Technical information
- Licensing authority: FCC
- Facility ID: 11064
- Class: B1
- ERP: 7,000 watts
- HAAT: 161 meters (528 ft)

Links
- Public license information: Public file; LMS;
- Webcast: Listen live
- Website: www.klove.com

= WILV =

WILV (91.1 FM) is a radio station broadcasting a Christian contemporary format as an affiliate of K-Love.

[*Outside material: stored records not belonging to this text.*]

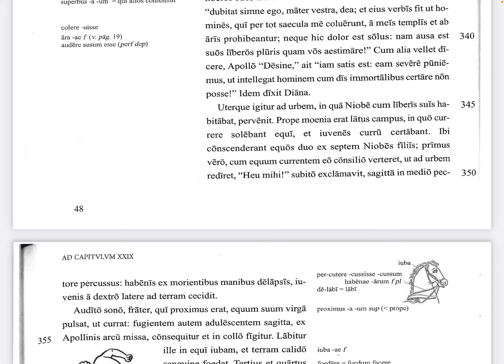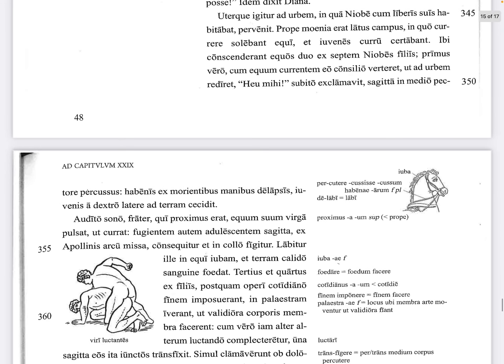Welcome to this video lesson on Fabulae Syrae 29.5, Niobe. We're picking up at 345. 'Uterque igitur ad urbem pervenit' — therefore each of them arrived at the city, in which Niobe lived with her children. Each refers to Apollo and Diana, so they both arrived at the city.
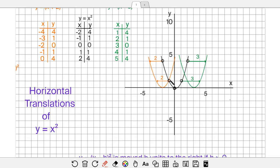The point negative 1, 1 goes 3 to the right, becoming 2, 1. Notice when we shift to the right, the y-coordinate stays the same because we haven't gone up or down. What we've really done is added 3 to the x-coordinate: negative 2 plus 3 is 1, negative 1 plus 3 is 2, 0 becomes 3, 1 becomes 4, and 2 plus 3 is 5, giving the point 5, 4. The y-coordinates are the same; it's just the x-values that have all been increased by 3.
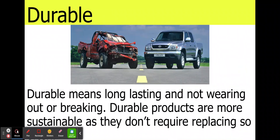Durable. Durable means long lasting and not wearing out or breaking. Durable products are more sustainable because they don't require replacing so often. Here you can see a tire — an old one that's really been beaten up, but it's still running. That is a durable product. It's taken a lot of abuse and it hasn't broken. It hasn't worn out.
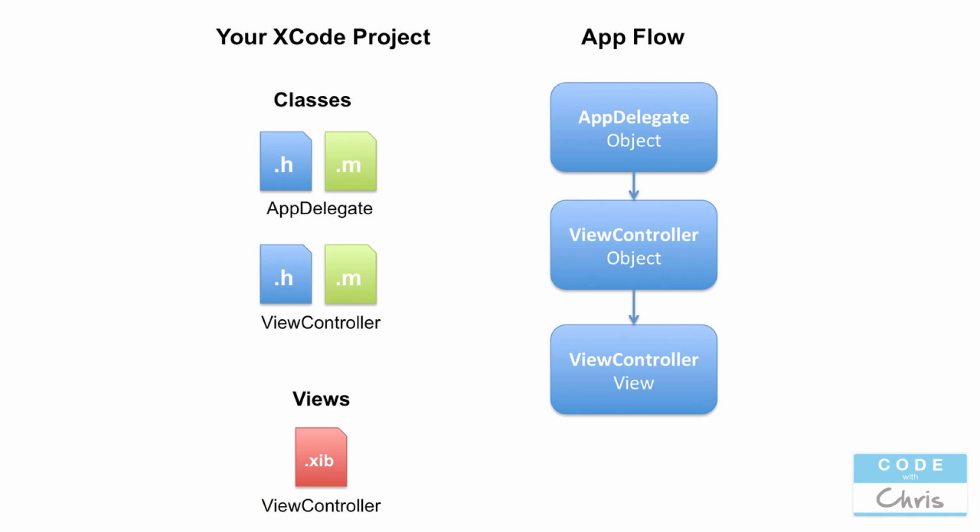If you take a look at this diagram, you can see how the app delegate class, the view controller class, and the view controller dot XIB view come together to form that default gray screen application that you saw in the simulator in the beginning of this video. The app delegate is kind of like your entry point to the application itself.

Licensed to Loves Park, Illinois, and serving the Rockford area, the station is owned by Educational Media Foundation.

==History==
WILV began broadcasting as WGSL on March 28, 1988. The station was owned by Rockford First Assembly of God and aired a Christian format branded "Radio 91", with the slogan "Your Home for Life". The station aired Christian talk and teaching programs such as In Touch with Dr. Charles Stanley, Back to the Bible, Focus on the Family, and Grace to You with John MacArthur, as well as Christian music and Pacific Garden Mission's Christian radio drama Unshackled!. In 2009, the station was sold to Educational Media Foundation, along with 100.9 WQFL, for $2 million.